那年輕男子不自禁打了個寒戰,慌忙道:“你……你認識田兒?我……我是他丈夫。”
“丈夫?”張地反問一句,目光更加冷冽,又隱約透出一股殺氣。
“你……你是張地哥哥嗎?是……是嗎?”呂田兒忽然驚聲叫了起來,撲到張地跟前,縮住手腳,繞着他左右端詳,似是不敢確定,但是聽聲音和語氣,卻又和記憶中的那個人很相似。
張地把手一揮,唰唰唰三道陣旗飛出,落到小院的三個角落,然後一道法訣激發上去,頓時一層隔音防窺視的霧濛濛禁制佈置下來。

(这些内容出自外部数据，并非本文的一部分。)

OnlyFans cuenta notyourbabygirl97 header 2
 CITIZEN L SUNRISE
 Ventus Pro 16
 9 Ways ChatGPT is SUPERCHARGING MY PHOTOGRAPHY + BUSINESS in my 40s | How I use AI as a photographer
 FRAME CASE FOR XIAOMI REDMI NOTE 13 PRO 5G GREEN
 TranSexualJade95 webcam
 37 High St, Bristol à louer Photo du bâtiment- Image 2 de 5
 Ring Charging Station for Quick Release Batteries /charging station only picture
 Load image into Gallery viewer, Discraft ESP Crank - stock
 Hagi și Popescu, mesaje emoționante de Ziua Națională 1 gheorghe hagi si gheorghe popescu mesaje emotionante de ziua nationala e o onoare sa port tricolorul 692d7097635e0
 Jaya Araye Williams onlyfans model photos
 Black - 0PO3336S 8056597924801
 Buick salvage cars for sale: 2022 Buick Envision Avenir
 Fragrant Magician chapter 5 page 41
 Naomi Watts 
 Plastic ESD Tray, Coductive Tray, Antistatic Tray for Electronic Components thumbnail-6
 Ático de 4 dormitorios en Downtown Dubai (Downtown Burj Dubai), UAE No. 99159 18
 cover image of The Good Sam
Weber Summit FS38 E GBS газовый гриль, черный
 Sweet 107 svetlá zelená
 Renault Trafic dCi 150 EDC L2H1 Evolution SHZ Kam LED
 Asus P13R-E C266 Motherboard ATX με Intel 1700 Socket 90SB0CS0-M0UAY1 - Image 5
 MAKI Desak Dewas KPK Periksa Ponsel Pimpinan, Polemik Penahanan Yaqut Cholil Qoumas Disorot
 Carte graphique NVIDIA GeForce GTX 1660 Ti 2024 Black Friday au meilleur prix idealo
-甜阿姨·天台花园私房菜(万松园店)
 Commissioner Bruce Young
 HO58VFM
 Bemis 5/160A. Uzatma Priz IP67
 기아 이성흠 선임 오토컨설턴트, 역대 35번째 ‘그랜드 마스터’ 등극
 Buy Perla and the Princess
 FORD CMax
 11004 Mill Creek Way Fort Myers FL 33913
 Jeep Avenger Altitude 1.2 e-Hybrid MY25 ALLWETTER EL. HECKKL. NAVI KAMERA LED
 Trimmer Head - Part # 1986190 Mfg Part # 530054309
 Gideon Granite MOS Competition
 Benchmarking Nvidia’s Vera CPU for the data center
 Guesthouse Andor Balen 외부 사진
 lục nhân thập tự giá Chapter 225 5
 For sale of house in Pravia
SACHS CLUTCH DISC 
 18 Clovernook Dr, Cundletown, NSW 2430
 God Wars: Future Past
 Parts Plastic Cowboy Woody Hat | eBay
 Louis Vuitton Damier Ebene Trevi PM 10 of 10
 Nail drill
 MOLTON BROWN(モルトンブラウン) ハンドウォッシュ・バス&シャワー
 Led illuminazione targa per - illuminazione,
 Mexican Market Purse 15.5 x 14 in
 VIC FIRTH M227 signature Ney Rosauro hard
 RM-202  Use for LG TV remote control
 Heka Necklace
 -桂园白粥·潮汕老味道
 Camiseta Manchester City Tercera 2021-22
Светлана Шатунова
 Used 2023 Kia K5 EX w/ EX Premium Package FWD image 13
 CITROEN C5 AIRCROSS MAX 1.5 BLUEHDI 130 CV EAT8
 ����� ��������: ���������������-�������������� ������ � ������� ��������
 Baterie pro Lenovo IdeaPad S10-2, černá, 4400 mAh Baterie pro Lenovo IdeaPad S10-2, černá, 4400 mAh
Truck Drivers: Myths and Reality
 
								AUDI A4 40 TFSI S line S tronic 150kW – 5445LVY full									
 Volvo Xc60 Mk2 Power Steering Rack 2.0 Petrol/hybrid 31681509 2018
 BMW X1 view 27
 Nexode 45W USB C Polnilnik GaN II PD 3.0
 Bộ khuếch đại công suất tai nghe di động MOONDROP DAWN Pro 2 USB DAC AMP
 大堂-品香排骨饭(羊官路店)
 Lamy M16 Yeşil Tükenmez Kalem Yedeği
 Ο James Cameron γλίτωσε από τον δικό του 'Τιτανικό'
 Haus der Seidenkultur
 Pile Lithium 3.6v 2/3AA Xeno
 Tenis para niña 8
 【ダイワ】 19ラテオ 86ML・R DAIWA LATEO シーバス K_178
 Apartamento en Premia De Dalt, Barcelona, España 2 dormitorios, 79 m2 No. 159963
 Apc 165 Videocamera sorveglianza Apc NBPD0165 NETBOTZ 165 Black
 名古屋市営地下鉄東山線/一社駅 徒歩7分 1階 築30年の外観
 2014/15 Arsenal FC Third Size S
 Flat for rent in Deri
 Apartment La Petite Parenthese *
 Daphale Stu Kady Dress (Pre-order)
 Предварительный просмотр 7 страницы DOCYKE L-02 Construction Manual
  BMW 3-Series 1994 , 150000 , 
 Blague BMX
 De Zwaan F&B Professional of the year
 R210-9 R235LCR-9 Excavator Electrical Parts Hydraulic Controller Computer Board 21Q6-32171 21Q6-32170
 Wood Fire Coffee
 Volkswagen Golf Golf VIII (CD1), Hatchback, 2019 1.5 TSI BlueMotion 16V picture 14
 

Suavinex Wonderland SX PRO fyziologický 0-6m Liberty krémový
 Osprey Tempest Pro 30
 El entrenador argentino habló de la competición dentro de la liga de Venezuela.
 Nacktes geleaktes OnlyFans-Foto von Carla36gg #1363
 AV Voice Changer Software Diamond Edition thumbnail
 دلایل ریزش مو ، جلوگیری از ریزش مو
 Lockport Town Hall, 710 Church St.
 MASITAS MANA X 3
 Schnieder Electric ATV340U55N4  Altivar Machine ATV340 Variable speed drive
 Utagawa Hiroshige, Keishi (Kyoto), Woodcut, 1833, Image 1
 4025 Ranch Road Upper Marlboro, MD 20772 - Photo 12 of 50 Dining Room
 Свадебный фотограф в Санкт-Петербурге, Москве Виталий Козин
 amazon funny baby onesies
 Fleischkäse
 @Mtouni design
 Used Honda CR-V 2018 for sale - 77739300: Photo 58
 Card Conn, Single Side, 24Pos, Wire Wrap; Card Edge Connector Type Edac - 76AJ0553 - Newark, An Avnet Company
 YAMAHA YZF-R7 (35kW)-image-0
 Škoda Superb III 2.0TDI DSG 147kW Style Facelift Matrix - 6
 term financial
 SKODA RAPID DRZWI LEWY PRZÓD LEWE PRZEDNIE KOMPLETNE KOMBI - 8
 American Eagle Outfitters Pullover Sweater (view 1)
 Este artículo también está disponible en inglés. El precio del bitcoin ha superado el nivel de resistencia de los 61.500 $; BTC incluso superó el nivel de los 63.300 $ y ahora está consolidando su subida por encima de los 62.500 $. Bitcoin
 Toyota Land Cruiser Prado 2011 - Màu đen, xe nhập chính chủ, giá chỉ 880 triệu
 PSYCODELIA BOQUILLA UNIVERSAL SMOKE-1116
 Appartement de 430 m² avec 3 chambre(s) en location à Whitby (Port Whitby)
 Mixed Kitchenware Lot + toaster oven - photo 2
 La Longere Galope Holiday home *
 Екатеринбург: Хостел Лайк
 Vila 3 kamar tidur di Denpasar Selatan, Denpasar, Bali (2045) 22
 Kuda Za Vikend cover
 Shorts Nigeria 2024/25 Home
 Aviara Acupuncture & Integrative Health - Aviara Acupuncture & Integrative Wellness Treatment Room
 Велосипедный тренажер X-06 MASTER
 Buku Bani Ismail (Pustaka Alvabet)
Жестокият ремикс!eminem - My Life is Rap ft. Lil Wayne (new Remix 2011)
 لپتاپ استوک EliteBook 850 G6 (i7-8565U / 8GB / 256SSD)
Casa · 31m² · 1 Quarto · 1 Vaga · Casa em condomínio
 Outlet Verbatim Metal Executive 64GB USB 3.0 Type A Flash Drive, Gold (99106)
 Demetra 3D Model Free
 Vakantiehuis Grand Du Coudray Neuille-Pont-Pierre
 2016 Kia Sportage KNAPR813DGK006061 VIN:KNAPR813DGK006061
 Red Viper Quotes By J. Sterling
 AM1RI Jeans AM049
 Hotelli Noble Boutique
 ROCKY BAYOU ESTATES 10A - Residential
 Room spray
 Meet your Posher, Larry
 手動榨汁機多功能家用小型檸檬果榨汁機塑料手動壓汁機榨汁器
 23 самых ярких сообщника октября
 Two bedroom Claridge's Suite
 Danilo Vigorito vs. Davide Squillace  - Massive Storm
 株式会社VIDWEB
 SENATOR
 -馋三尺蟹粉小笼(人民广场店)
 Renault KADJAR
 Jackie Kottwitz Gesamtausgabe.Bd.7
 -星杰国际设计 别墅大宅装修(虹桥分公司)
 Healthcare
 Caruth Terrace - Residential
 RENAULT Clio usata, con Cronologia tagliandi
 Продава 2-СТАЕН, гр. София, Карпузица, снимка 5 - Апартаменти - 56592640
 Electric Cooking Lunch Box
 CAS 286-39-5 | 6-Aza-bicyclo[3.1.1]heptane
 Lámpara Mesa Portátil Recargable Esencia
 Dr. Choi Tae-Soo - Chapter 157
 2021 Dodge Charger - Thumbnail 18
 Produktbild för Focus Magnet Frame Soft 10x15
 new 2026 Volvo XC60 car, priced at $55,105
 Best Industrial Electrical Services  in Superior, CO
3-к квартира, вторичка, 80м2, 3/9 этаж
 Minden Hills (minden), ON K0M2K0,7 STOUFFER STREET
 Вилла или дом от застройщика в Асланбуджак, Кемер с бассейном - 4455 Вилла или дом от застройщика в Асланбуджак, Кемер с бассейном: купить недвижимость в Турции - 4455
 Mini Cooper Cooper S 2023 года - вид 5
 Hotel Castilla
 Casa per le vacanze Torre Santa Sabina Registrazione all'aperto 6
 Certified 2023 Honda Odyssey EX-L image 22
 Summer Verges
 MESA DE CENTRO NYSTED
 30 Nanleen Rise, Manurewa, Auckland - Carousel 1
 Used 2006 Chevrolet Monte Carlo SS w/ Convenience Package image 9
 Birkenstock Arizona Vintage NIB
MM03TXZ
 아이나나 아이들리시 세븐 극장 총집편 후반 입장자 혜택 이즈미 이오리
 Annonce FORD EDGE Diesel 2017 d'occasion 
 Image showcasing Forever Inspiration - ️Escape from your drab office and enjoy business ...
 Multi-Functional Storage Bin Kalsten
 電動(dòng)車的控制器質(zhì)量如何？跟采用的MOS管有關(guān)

再擡手往臉上一抹,將人皮面具除下,露出自己的本來面目。
呂田兒看着他的樣子呆了一呆,緊接着大叫一聲:“張地哥哥!你是我張地哥哥!田兒這些年想死你啦!”一邊叫着,一邊嗚嗚大哭,一下子撲到張地的懷中,擡起拳頭直捶張地的胸口,“你……你說你會來找我,我等了一年又一年,你怎麼還不來啊!你怎麼還不來啊!”
這一聲聲的呼喚便如一隻只刀子再戳張地的心,他眼眶溼潤,苦笑着摟住呂田兒,伸手輕輕拍着她的背脊,也禁不住一遍遍問自己:“是啊,我怎麼還不來,還不來?”
那被稱爲三哥的年輕男子看到這一幕,臉色大變,想說話又不敢說,想上來拉開呂田兒又不敢,手足無措地站在那裡。
張地目光掃過,一看到此人這副窩囊樣子,不過一個普通凡人,連煉體士都不是,不由得一股怒氣直衝胸臆,心道:“田兒怎會嫁給邢家之人,定是被逼迫的!哼,待會問個清楚,便將此人除去,免得暴露我的行跡!”
想到這裡,單手將呂田兒摟入懷中,安慰道:“田兒不哭,師哥來了,有甚麼委屈師哥都替你出氣!”
然後目光一擡,衝着叫三哥的年輕男子冷冷地道:“你是何人?田兒又怎會叫你丈夫?老老實實把事情講清楚吧!不得有半句虛言!”說到這裡,手指一擡,砰的一聲,一隻西瓜大的火球躍然指尖,將整個院子都映照得紅彤彤的。
張地現在的修爲乃是煉氣九層,吞吃了器靈根後,已儼然要突破到煉氣十層,法力之深厚比起以前實在不可同日而語,這一手火球術已經達到了煉氣巔峰,盛怒之下又是全力施法,這要是丟出去,整個院子都會被炸燬的。(。)